Work instructions>
Starting at the line that contains "If you want", transcribe each line through the end of the material below, exactly and nothing else, leaving out the pictures.

Material provided>
------------------------------
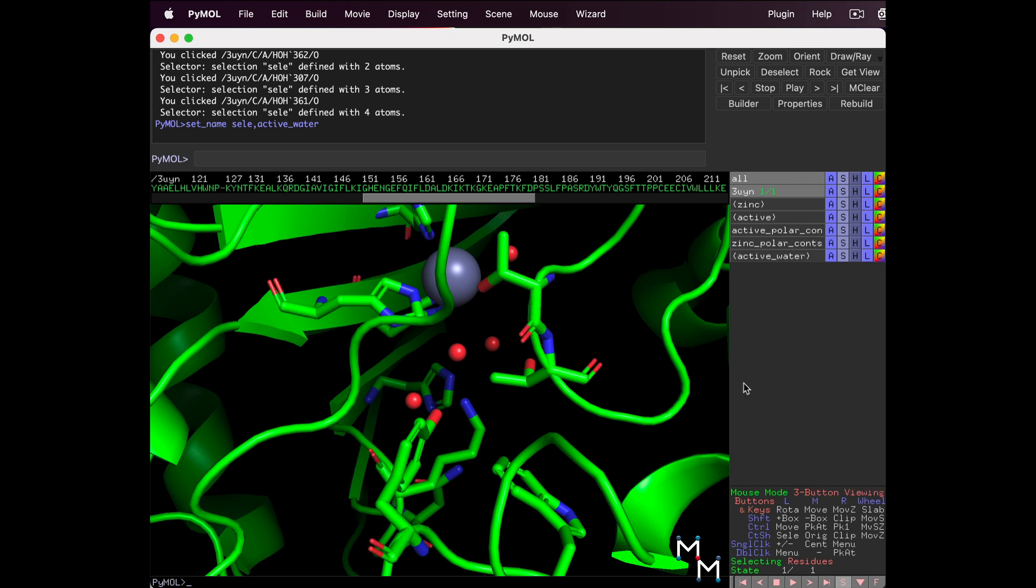Control-S to save this PyMol session somewhere on your computer. We'll use it in Lesson 3. Hope to see you next time.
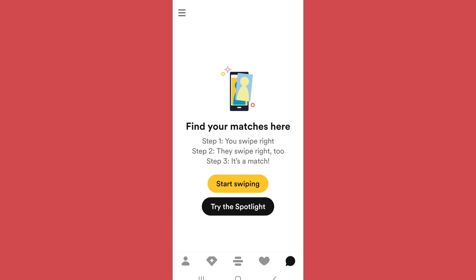If you want to unmatch with a specific person, simply tap on the profile of that person and open the chat box. Since it's a dummy account, I don't have any match, so I can't show you the exact steps, but it's a simple process and you will understand easily. After opening the chat box, you will find three dots on the top side of your screen.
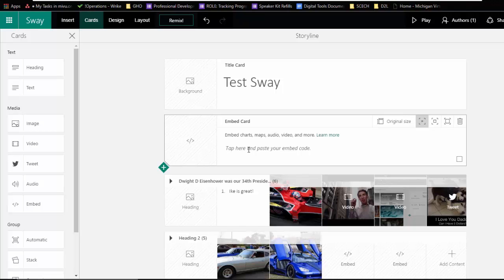So I'm going to show you a couple examples of where you can get that external content from and bring it into your Sway.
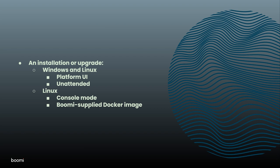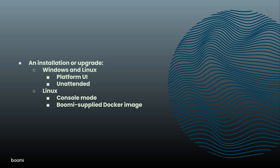Installation methods available are based on the OS of the host system. Microsoft Windows and Linux support installations and upgrades from the platform UI or in unattended mode.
------------------------------
Written solution>
If you want to unmatch with a specific person, simply tap on the profile of that person and open the chat box. Since it's a dummy account, I don't have any match, so I can't show you the exact steps, but it's a simple process and you will understand easily. After opening the chat box, you will find three dots on the top side of your screen.
So I'm going to show you a couple examples of where you can get that external content from and bring it into your Sway.
Installation methods available are based on the OS of the host system. Microsoft Windows and Linux support installations and upgrades from the platform UI or in unattended mode.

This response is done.